ACTION ITEM
From the listing below, copy only the lines from the line that contains "Historische und linguistische" to the line that contains "Conkers - a", counting those two lines as part of the copy.

RECORDS FOR THE TASK
#####

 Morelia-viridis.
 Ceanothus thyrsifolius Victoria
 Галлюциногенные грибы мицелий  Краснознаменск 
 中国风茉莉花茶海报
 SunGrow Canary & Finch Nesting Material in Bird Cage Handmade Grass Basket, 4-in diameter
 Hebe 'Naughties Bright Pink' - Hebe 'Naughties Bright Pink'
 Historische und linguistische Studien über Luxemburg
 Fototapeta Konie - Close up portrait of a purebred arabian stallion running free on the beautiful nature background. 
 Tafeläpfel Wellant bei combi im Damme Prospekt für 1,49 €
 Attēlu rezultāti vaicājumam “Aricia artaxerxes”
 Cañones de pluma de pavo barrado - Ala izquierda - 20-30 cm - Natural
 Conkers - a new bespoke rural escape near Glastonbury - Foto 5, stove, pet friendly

#####

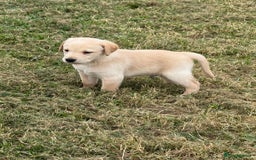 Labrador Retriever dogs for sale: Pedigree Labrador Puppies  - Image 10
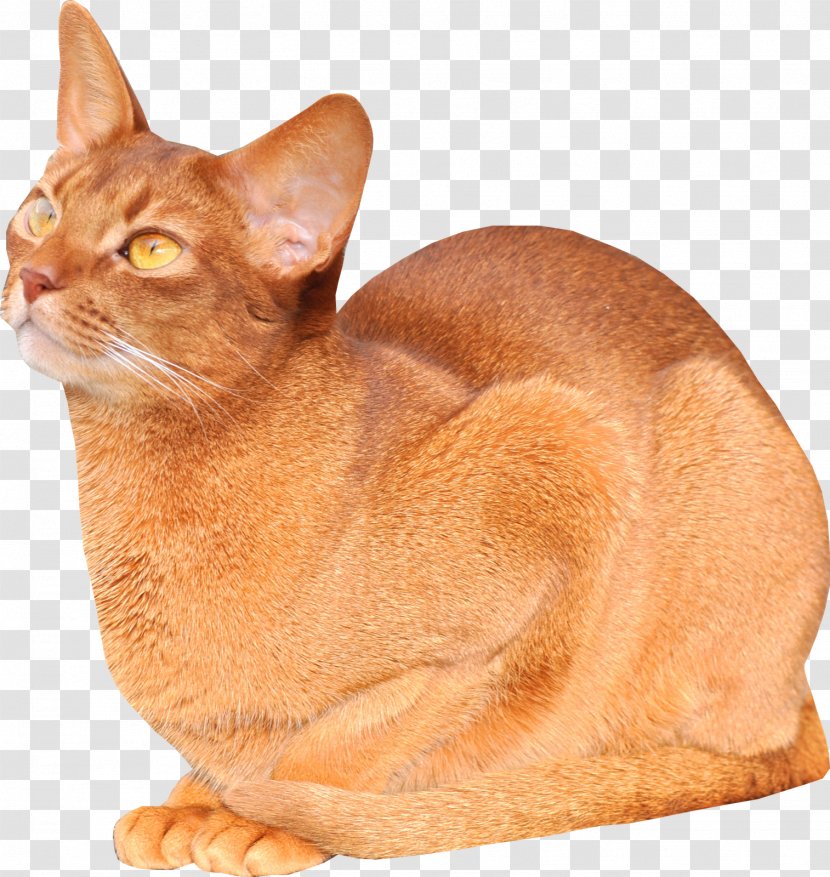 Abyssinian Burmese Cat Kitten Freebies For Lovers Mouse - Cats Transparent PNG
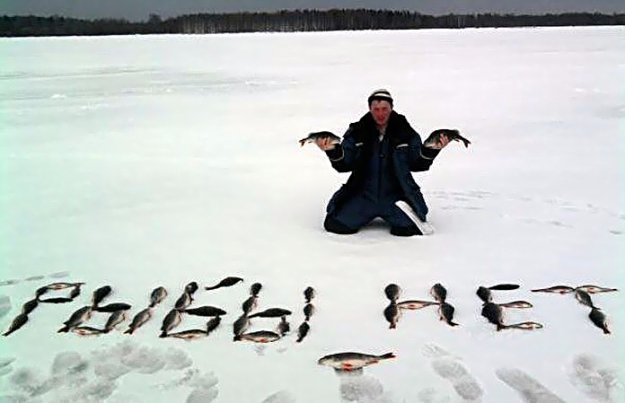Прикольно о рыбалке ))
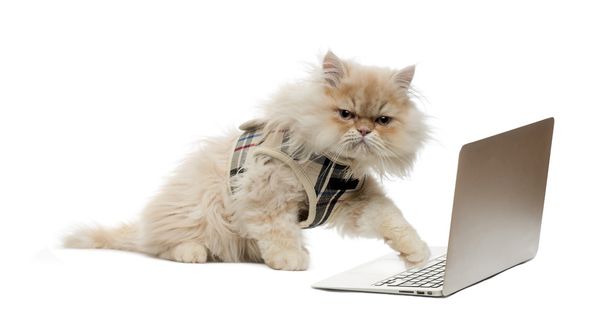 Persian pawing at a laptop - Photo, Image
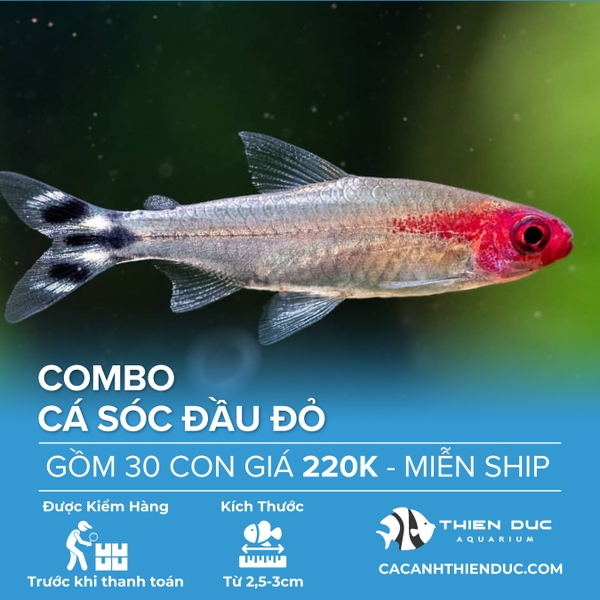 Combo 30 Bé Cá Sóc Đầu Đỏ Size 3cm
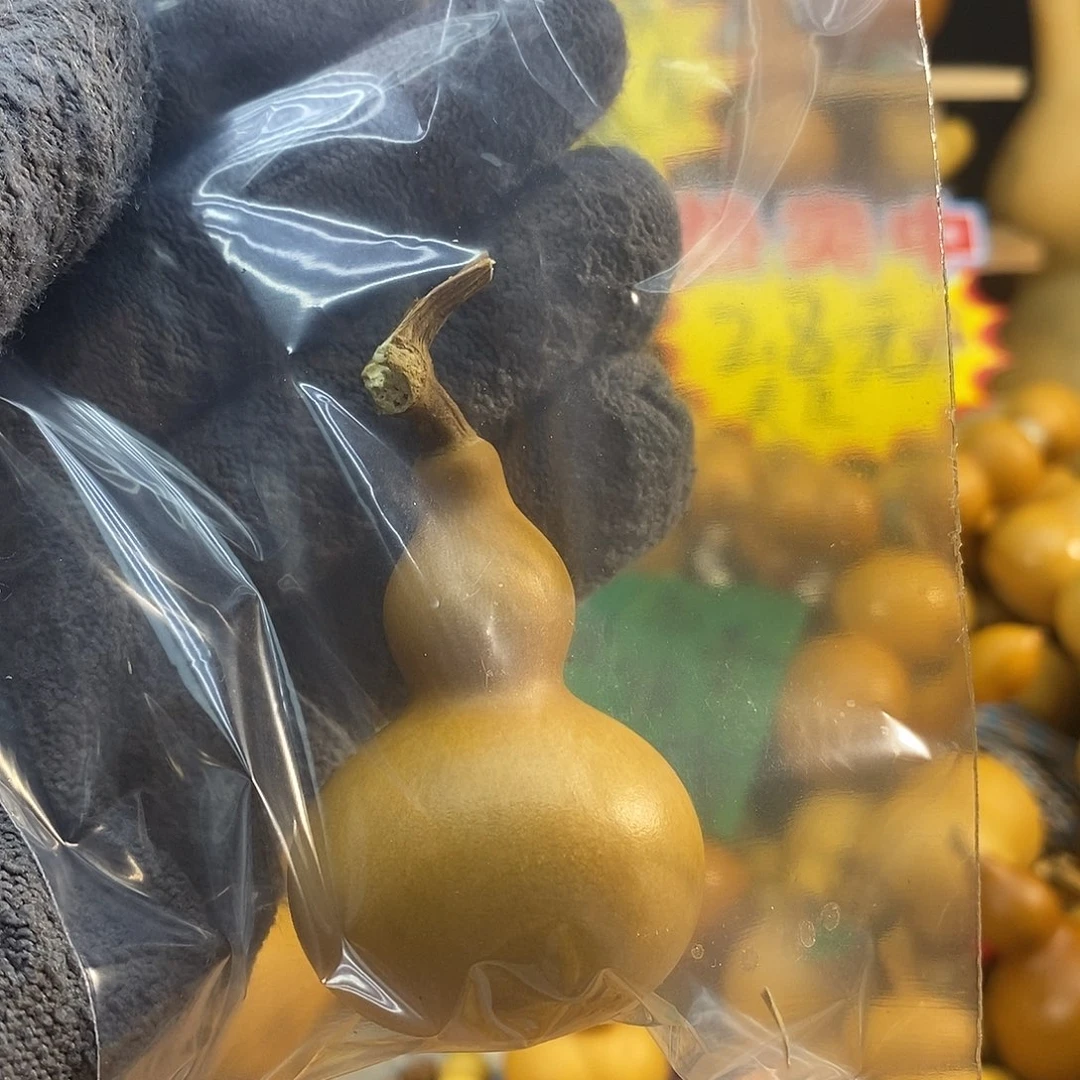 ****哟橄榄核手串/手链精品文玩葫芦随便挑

#####

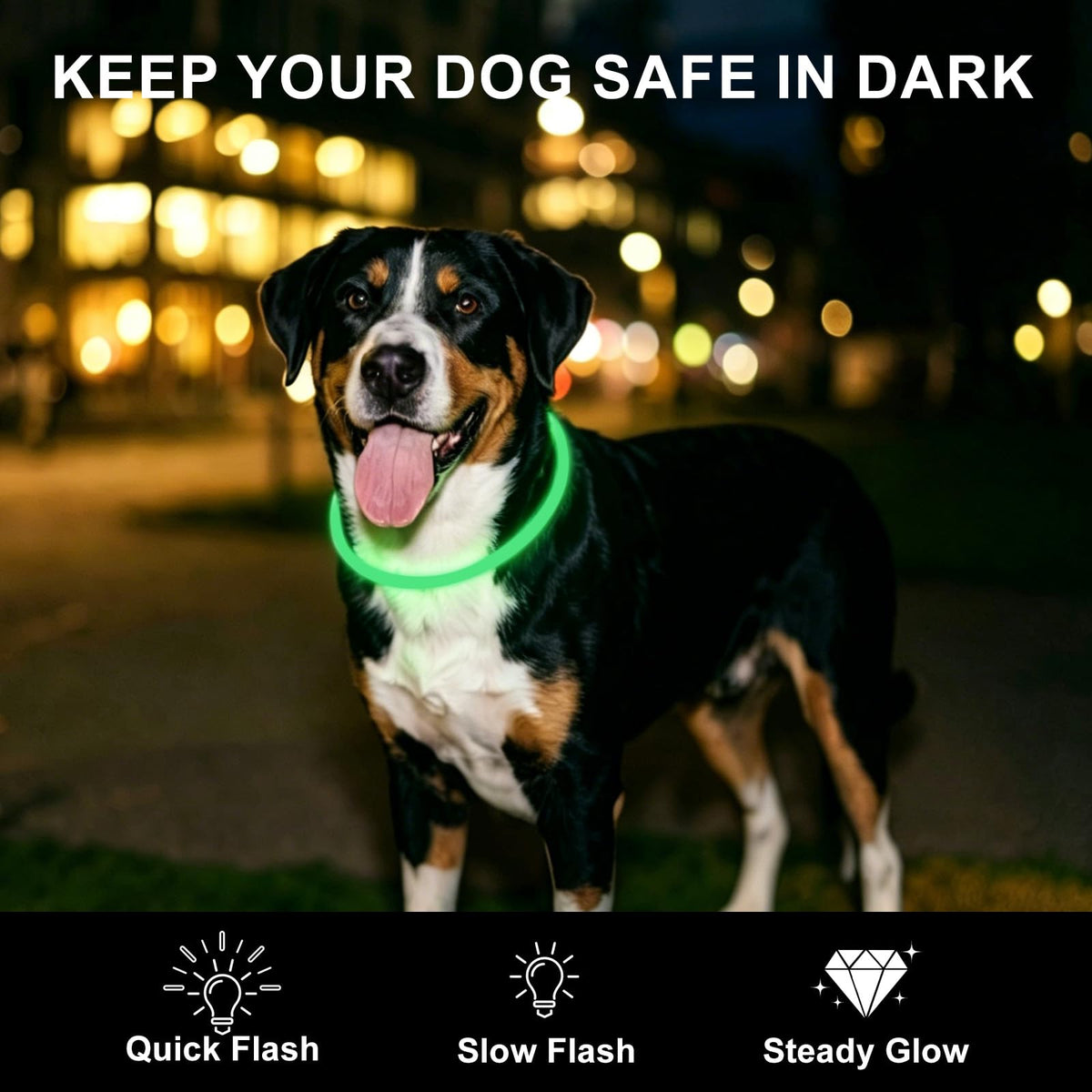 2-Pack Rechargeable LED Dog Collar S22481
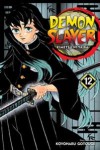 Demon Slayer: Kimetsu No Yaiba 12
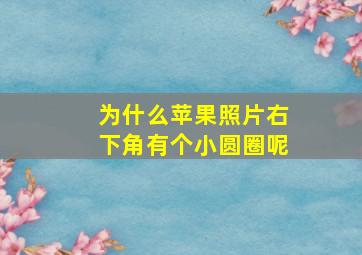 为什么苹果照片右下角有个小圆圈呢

#####

ANSWER TO THIS TASK
 Historische und linguistische Studien über Luxemburg
 Fototapeta Konie - Close up portrait of a purebred arabian stallion running free on the beautiful nature background. 
 Tafeläpfel Wellant bei combi im Damme Prospekt für 1,49 €
 Attēlu rezultāti vaicājumam “Aricia artaxerxes”
 Cañones de pluma de pavo barrado - Ala izquierda - 20-30 cm - Natural
 Conkers - a new bespoke rural escape near Glastonbury - Foto 5, stove, pet friendly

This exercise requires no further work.